HPRM#1: Somewhere in here, I started testing whether I could use different cues to get her to re-assess and establish a slightly slower rhythm. We were passing pretty much everyone around us, which was to be expected in the first couple of miles since we started at the very back of the E Corral. However, around the 4 mile mark I was concerned about how far ahead of target pace we were getting, so I explained that we had pretty much gotten past all the slower runners who had started in front of us and we should not get sucked out too fast by getting used to “climbing the ladder” and always going faster than the people around us; that we were now about where we should be and we could just settle in. This actually worked, and we dialed in around 8:20 pace. And she said she felt good, and she was running smooth.
HPRM#1 had said Chicago is like running a marathon on a track and it certainly felt that way. By now, we had established a good rhythm. At water stops, he grabbed a cup and brought it to me. I didn’t even have to slow down, which was amazing. I let him know that I take a gel every 30 minutes and he kept an eye on the clock for that. When it was time to fuel, I handed him my gloves – it was still cold! – extracted a Maurten gel from my FlipBelt shorts, passed him the gel to open, took it back, swallowed the gel, got my gloves back. It was almost like a dance and I barely broke stride.
HPRM#1: FULL. SERVICE. Y’ALL.
I don’t talk when I’m racing,
HPRM#1: 100% accurate. Have you ever talked to yourself for 3 hours and 44 minutes? I have…..

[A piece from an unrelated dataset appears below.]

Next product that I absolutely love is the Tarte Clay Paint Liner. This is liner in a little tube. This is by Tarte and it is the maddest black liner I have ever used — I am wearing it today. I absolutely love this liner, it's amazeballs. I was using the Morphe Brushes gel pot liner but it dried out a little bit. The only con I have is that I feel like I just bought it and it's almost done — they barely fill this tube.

but my mind is sometimes pretty active. I have often thought about my daughter, Rose, when running a marathon but in the early miles of Chicago, I thought about my son, Aidan, over and over again. The Running Rogue podcast recommends a rhythm mantra for the early miles of a race and the host said he had used the word “smooth.” Aidan is maybe the smoothest person I know. Even though he can get fired up while playing video games, he has a dancer’s grace and a quiet gentleness when working with his little sister. Rose and I love to bake, but it’s Aidan who frosts the cakes and I just thought about his smooth movements and smooth frosting skills. On and on through the streets of Chicago. Aidan and smooth frosting and running.

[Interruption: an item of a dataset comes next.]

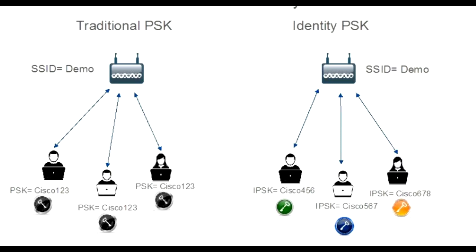Identity PSK is a cutting-edge network security and authentication method that enables the configuration of unique pre-shared keys, or PSKs, for individual clients on the same network SSID, providing differentiated access and enhanced security.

I had studied the course so I knew the halfway split was around the time we finished the northern loop to come back downtown. I thought about whether I wanted to ask HPRM#1 for our time at the half, but decided against it.
HPRM#1: It was 1:48:12, putting us on pace for a 3:36:24 at the half. That was way faster than her A goal, but within the range that I felt she could physically run if she had what Coach Mick calls “a unicorn race.” It seemed like that could be in the cards, based on how she said she was feeling throughout the first half, and also that she had settled into a rhythm at around 8:20 pace between 15k and the half. This was a slower pace than her start through 10k by about 10 seconds a mile, and it seemed really smooth for her. 3:40:00 pace is 8:23 pace, for those of you keeping score at home.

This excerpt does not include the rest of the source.